» The records:
________________
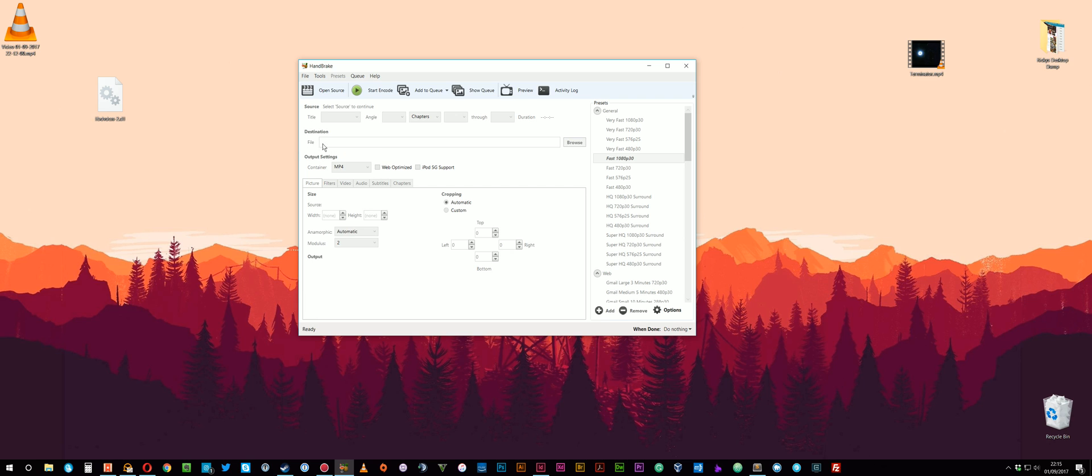So all you need to do then is just click browse on here. Point it to a place on your computer and give it a file name. And then just choose one of these presets. For DVD I've been using, I think it was this HQ 720p 30 surround and that's been working absolutely fine for me and it's not been creating massive files. So just do that and then just simply say starting code.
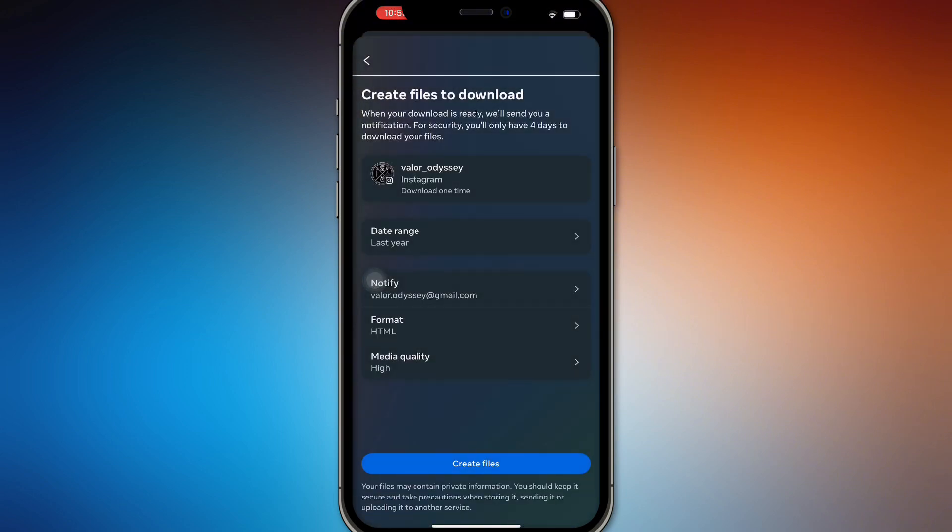And it's just that simple to download all your Instagram photos at once. So there you go.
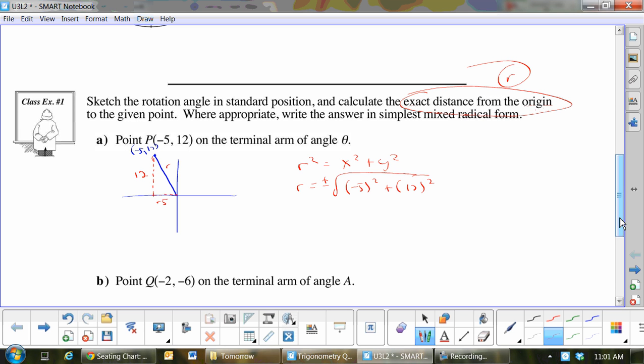Negative 5 times negative 5 is positive 25, not negative 25. So r equals plus or minus the square root of 169. Therefore r equals plus or minus 13. Now, what is r — positive or negative? Because r is always positive, r equals positive 13.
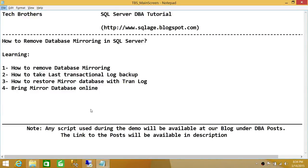Welcome to Tech Brothers. In this video we're going to learn how to remove database mirroring in SQL Server. We'll cover: number one, how to remove database mirroring; number two, how to take a last transactional log backup; number three, how to restore the mirror database with the last transactional log backup and bring the mirror database online. The scenario is that we want to remove database mirroring but keep the database that we used to mirror on our mirror server.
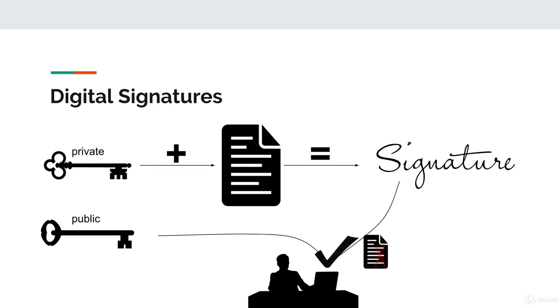In the event that the decrypted data does not match the original data presented by the transaction, well then we know that one of two events have happened, which both invalidate the transaction. One, the original data was tampered with after the data was signed by the sender, because now the data in the transaction does not match the data that we decrypted from the signature and the signer's public key.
________________
» Directions for this task:
Above are some records. Reproduce the lines from the one with "And it's just" down to the one with "Negative 5 times", keeping both, and leave every picture out.

» Response:
And it's just that simple to download all your Instagram photos at once. So there you go.
Negative 5 times negative 5 is positive 25, not negative 25. So r equals plus or minus the square root of 169. Therefore r equals plus or minus 13. Now, what is r — positive or negative? Because r is always positive, r equals positive 13.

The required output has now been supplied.